I’m seeing this right now in some code I’ve recently taken over. The previous programmer was quite skilled and did a great job, but it’s clear there are some areas he had to write quickly and hack together. The flip side of PHP’s ease of use is that sloppiness accumulates very quickly when you’re doing things in a hurry. To some extent, that’s an unavoidable aspect of a growing codebase. But there’s also specific things about PHP itself that foster disorganization and unmaintainability:

* The lack of namespaces. This makes it hard to quickly locate a function or class definition. Classes can be used as namespaces, but that’s a hack, and leads to ugly un-OOPish uses of classes. PHP could really benefit from packages or modules.

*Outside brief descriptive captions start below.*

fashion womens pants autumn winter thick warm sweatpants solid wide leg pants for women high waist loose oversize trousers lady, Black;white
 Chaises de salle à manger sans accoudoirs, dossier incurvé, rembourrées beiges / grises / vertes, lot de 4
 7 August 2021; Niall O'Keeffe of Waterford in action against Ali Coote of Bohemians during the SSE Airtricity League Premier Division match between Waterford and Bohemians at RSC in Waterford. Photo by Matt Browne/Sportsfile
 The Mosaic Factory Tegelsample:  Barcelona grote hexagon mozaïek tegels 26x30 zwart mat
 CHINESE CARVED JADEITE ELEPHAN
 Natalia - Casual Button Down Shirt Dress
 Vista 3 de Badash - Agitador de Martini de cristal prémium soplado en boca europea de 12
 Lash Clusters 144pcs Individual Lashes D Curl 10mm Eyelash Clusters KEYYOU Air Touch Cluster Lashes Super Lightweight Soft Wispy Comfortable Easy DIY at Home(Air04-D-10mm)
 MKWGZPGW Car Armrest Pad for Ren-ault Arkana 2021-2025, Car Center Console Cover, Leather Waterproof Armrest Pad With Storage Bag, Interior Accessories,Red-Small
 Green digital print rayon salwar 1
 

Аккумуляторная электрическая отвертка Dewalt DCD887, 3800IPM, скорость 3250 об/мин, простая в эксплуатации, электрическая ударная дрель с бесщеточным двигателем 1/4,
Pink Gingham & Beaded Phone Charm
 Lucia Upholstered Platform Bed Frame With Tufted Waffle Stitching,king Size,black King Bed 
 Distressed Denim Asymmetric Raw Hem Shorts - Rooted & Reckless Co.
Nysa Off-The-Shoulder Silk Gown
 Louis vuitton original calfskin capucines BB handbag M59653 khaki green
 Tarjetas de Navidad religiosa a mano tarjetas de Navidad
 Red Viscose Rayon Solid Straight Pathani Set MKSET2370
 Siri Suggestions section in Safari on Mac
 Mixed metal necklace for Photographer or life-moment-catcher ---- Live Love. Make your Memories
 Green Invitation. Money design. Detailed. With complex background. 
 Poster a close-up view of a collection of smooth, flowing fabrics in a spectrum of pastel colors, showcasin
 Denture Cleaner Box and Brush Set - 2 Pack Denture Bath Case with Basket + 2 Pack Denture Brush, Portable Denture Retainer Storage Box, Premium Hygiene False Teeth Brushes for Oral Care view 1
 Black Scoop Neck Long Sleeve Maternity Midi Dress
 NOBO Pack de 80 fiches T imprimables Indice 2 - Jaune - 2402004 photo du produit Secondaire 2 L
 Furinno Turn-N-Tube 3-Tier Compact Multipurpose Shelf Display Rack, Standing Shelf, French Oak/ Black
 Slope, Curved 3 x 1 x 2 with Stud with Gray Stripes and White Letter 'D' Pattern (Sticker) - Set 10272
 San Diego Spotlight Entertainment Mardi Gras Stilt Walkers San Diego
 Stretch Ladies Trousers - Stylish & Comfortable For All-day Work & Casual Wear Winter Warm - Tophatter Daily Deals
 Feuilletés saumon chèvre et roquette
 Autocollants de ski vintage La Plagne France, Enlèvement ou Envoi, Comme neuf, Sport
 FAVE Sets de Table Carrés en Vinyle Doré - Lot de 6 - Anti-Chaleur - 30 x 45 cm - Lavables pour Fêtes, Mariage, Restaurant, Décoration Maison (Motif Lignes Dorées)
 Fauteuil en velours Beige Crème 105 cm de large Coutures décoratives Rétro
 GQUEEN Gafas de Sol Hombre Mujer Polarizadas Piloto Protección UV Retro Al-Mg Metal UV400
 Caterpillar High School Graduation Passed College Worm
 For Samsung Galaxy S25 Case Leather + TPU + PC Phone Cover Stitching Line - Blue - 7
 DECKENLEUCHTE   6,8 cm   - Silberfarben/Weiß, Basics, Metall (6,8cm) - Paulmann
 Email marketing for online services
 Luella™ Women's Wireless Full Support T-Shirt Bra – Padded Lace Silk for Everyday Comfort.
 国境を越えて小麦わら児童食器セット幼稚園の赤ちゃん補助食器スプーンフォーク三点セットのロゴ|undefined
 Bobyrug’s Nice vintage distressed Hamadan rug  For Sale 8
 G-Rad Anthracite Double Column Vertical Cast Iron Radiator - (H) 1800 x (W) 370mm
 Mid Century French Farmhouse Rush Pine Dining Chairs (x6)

* While PHP5 has vastly improved its object functionality, it often feels like the developer culture remains mired in a function-oriented paradigm. PHP’s relative ease of use and wide availability on commodity webhosting has produced a huge pool of developers whose skills are pretty wide-ranging. The low end of that tends towards hacky, function-oriented code that simply “gets the job done.” I’d like to see more thoughtful discussion on PHP sites and forums about object design and philosophy, about when to use functions and classes, and about how to mix them up harmoniously.

* Having a library of thousands of built-in functions in a global namespace with little rhyme or reason to their naming doesn’t exactly provide a great model of maintainability.

* extract() should die. Die, die, die.

* There’s not much agreement about OOP performance: some insist that heavy usage of some OOP features slows PHP down a lot, so you should avoid them whenever possible. Which not only is plain dumb but leads to deliberately confusing and half-assed uses of OOP in the name of better performance.

Maintainability is a matter of discipline, since you can write sloppy code in any language. That aside, PHP does make it extra hard to keep things orderly. I think CakePHP is a step in the right direction, though if you’re going to use a strict MVC architecture, you might as well dump PHP and just go with Ruby on Rails or Python.